Bull. Chem. Soc. Ethiop. 2018, 32(2), 393-398.
 2018 Chemical Society of Ethiopia and The Authors
DOI: https://dx.doi.org/10.4314/bcse.v32i2.17
ISSN 1011-3924
Printed in Ethiopia
SHORT COMMUNICATION
SOLVENT FREE SYNTHESIS OF N-ALKYLATED IMINO INDOLINE-2-ONE
DERIVATIVES UNDER MICROWAVE IRRADIATION
Roya Zekavati^1*, Abdolhasan Doulah², Mohammad Kazem Mohammadi³ and Saloomeh Shirali^2
1Faculty of Nursing, Ahvaz Branch, Islamic Azad University, Ahvaz, Iran
²Department of Cellular and Molecular Biology, Ahvaz Branch, Islamic Azad University,
Ahvaz, Iran
³Department of Chemistry, Ahvaz Branch, Islamic Azad University, Ahvaz, Iran
(Received December 24, 2017; Revised February 20, 2018; Accepted February 26, 2018)
ABSTRACT. The solvent-free microwave-assisted syntheses of N-alkyl isatin Schiff base derivatives are
reported. These isatin derivatives are obtained as a result of the condensation of an isatin compound with a benzyl
halide and an aniline derivatives using microwave irradiation condition in high yield and short reaction time.
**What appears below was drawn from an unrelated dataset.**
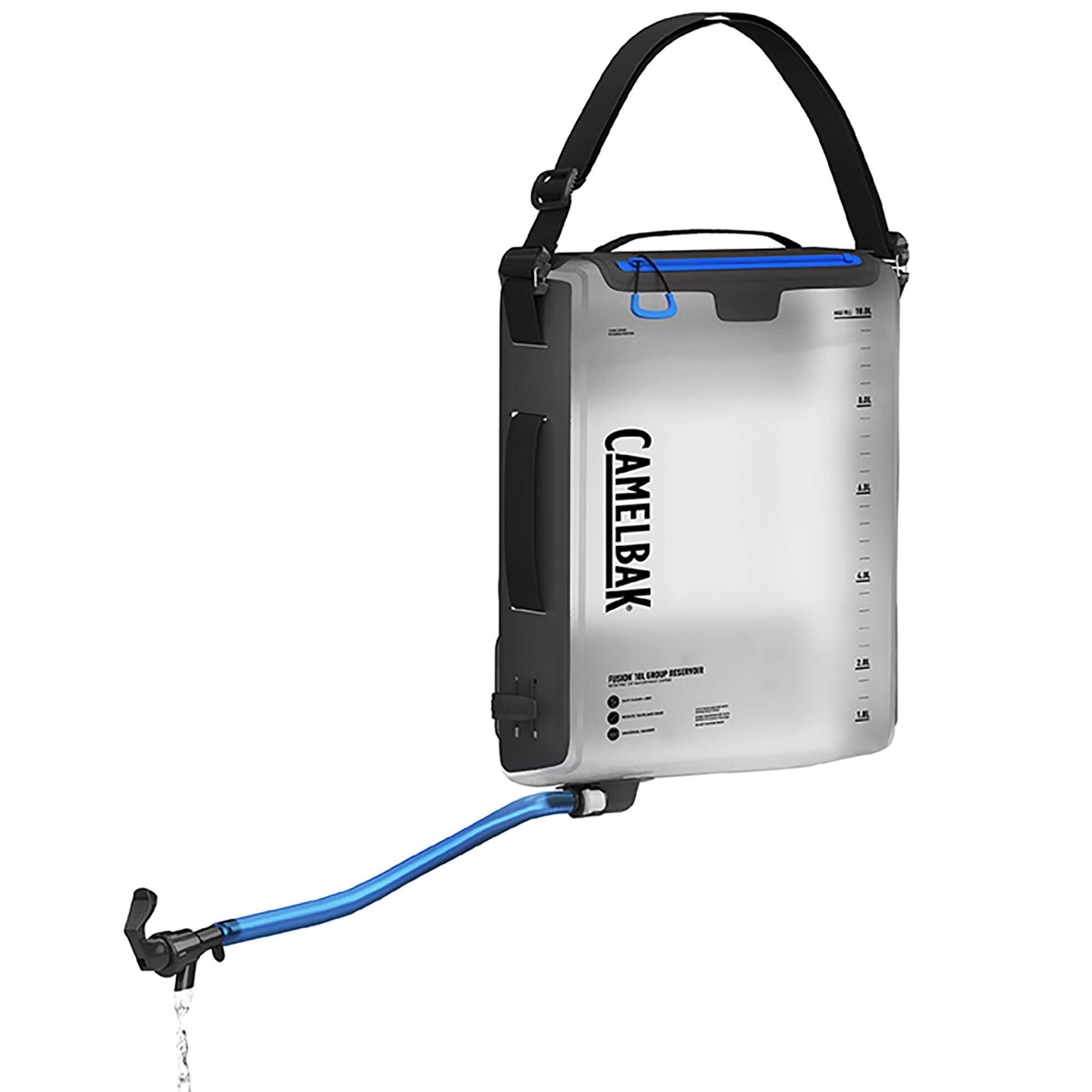 CAMELBAK FUSION 10L GROUP RESERVOIR WITH TRU ZIP WATERPROOF ZIPPER 2022: CLEAR CBFUSION10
KEY WORDS: Microwave, Isatin derivatives, Solvent free, Combinatorial synthesis
INTRODUCTION
Microwave-assisted organic synthesis (MAOS) is a new method for synthesis and methodology
in formation of new organic compounds. This technique is based on application of microwave
irradiation that absorbed by chemical bonds and lead to chemical transformations. Use of
microwave irradiation rather than conventional heating leads to higher product in shorter
reaction time, which in many cases are in the range of second or minute, that is very attractive
than the conventional heating procedure in reflux condition.
Synthesis of new bioactive molecules has been a very interest in organic chemistry. In this
regard, development of new compounds and especially small structures lead to very high
attention for pharmaceutical chemists. This is because growing requirements to introducing of
different structures for evaluating of compounds in drug discovery attempts.
Isatin is a natural product found in a number of plants including those of the genus Isatis [1].
It has also been found as a metabolic derivative of adrenaline in humans [2]. Moreover, it has
been demonstrated that isatin found at higher levels in patients involved with neuro pathological
conditions and also proved to be a competitive MAO-B inhibitor [3, 4]. Various derivatives of
isatin are known to possess a range of pharmacological properties including antiprotozoal [5, 6],
anti glycation [7], anticonvulsant and sedative-hypnotic [8, 9], anti-inflammatory [10],
antibacterial and anti-fungal [11] activities. Thus isatin is a biologically validated starting point
for the design and synthesis of chemical libraries directed at these targets [12]. Due to the
privileged nature of isatin, libraries designed and synthesized around the basic structure of this
scaffold may yield medicinally active compounds with high hit rates [13, 14].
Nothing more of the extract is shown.